### YOUR TASK
Images aside, return all the entries exactly.

*** Opening GIVEN DATA ***

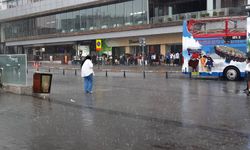 Etkili yağışa Taksim'de yakalanan vatandaşlar zor anlar yaşadı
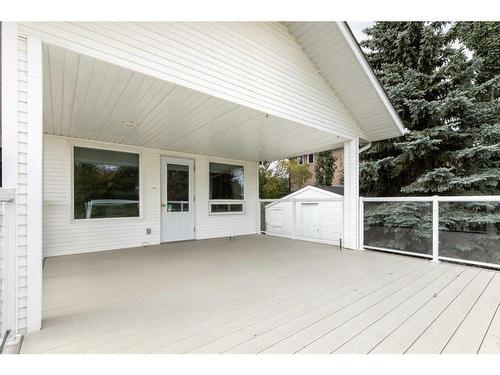 6046 47 Street, Innisfail, AB - Outdoor With Deck Patio Veranda With Exterior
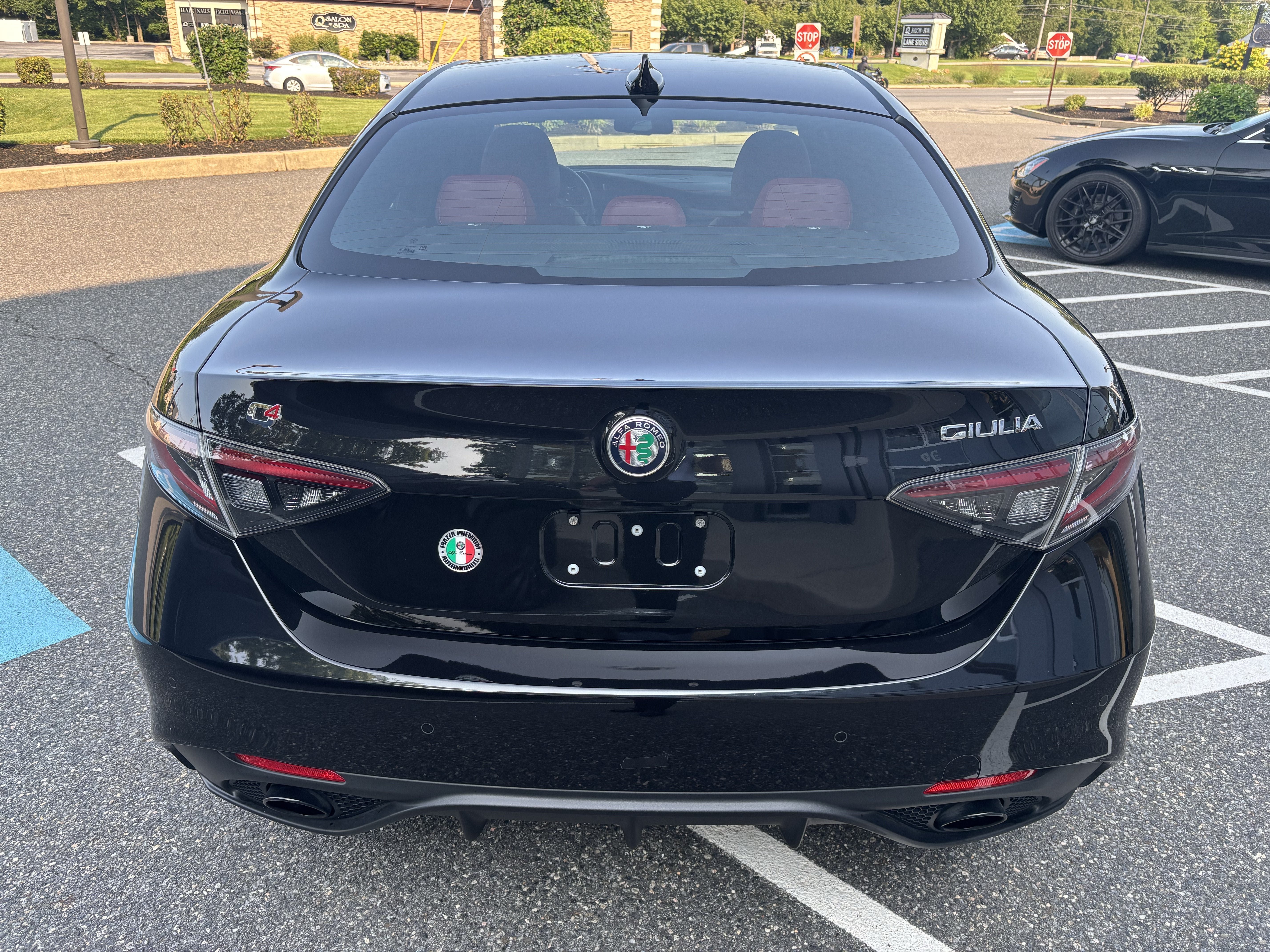 Used 2024 Alfa Romeo Giulia Veloce AWD/4WD image 4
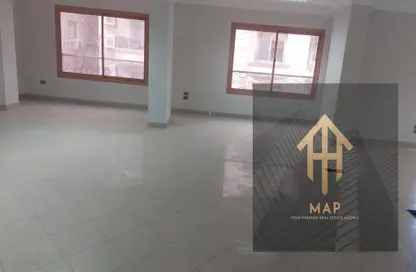 Office Space - Studio - 2 Bathrooms for rent in Gameat Al Dewal Al Arabeya St. - Mohandessin - Giza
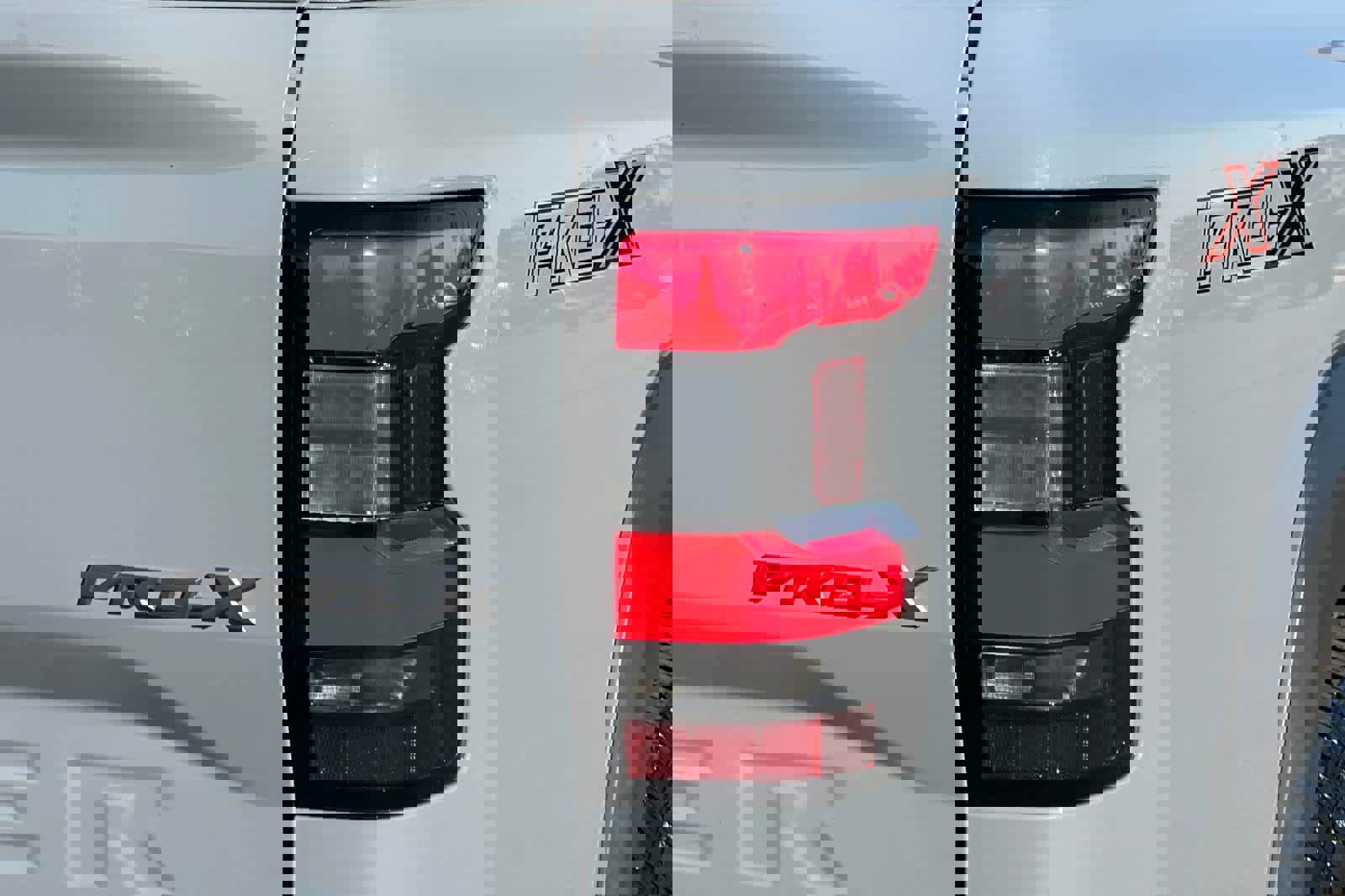 Used 2022 Nissan Frontier Pro-X w/ Pro-X Premium Package image 32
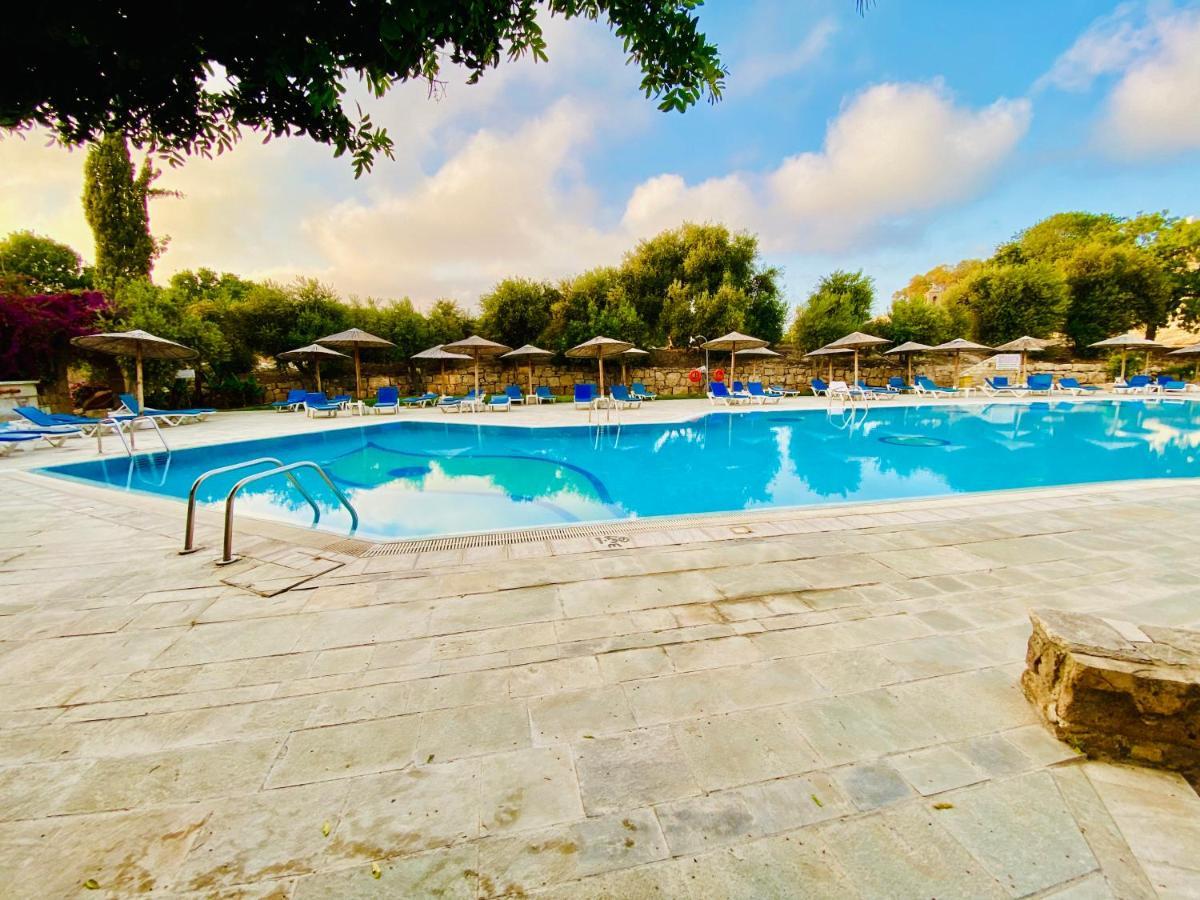 Basillica 3 Bedrooms Apartment Paphos Ngoại thất bức ảnh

*** Closing GIVEN DATA ***

### WRITTEN RESPONSE
 Etkili yağışa Taksim'de yakalanan vatandaşlar zor anlar yaşadı
 6046 47 Street, Innisfail, AB - Outdoor With Deck Patio Veranda With Exterior
 Used 2024 Alfa Romeo Giulia Veloce AWD/4WD image 4
 Office Space - Studio - 2 Bathrooms for rent in Gameat Al Dewal Al Arabeya St. - Mohandessin - Giza
 Used 2022 Nissan Frontier Pro-X w/ Pro-X Premium Package image 32
 Basillica 3 Bedrooms Apartment Paphos Ngoại thất bức ảnh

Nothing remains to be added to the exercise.